Block 1 — The bullseye (7:00–7:30). Open cold: "Three words get used as if they're the same job. They're not, and the confusion costs people weeks." Draw the bullseye live, saying the three questions as you draw. Define ring 1, the prompt, and do the tiny live before/after ("sort this list" vs. the shaped prompt). Checkpoint: "What is the one thing prompt engineering can never see?" (Any turn but this one.)
Block 2 — The desk that fits one page (7:30–8:10). Ring 2. Draw the exam-desk, dumped vs. curated. Introduce the two quality limits — attention runs out, context rot is real. Land the 200K-vs-20K aha. Hammer that context is cyclical. Checkpoint: "Which is smarter — a 200K window 95% full of junk, or a 20K window that's exactly right? Why?"
Block 3 — The room, and the live trace (8:10–8:50). Ring 3, the harness. Say the load-bearing sentence: "context engineering is one subsystem of the harness." Draw the room and the zoom-in. Run the demo: write the turn-47 trace and tap each ring by name. Finish with the debugging test. Checkpoint — the whole lecture in one question: "The agent just ran rm -rf /. Which ring is the bug in?" (Harness. Not the prompt.)
Block 4 — Consolidate + bridge (8:50–9:00). Recite the spine: prompt ⊂ context ⊂ harness — one sentence, one turn, one machine. Bridge forward: "We've built the innermost mechanics, the bare loop.

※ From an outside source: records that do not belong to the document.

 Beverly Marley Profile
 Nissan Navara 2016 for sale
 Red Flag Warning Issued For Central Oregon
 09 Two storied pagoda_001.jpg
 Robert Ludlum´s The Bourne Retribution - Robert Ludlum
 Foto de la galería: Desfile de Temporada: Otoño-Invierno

Next we give the agent hands: tools."
You can now teach
- The three nested rings — prompt ⊂ context ⊂ harness — drawn as a bullseye, and the three questions (say / see / live inside) that define them.

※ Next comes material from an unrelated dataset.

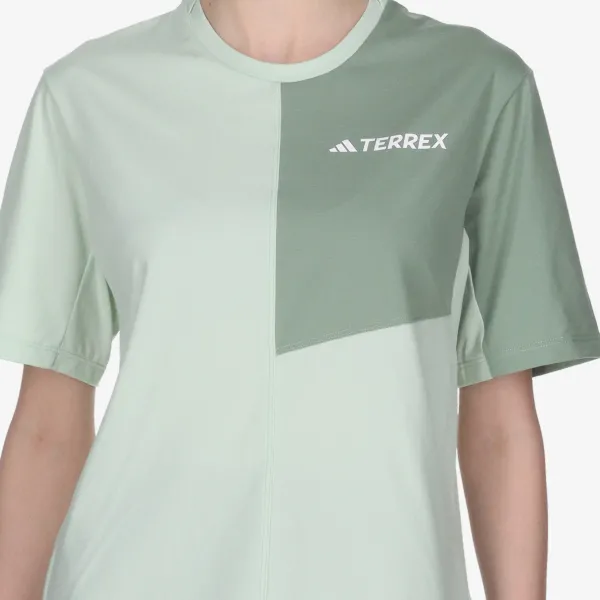 adidas Terrex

- Prompt engineering as one message for one answer, with the tiny before/after, and why its one-turn horizon makes it not-enough for an agent.
- Context engineering as the exam-desk that fits one page: curation under scarcity, the attention-runs-out and context-rot limits, and the 200K-vs-20K aha.
- Why context is cyclical (reruns every turn) while the prompt is authored once.
- The load-bearing sentence — context engineering is one subsystem of the harness — and the zoom-in that shows it as one gear in the machine.
- The debugging payoff: reading a real turn-47 trace at three altitudes, and using "the layer you edit tells you the discipline" to route any bug to its ring.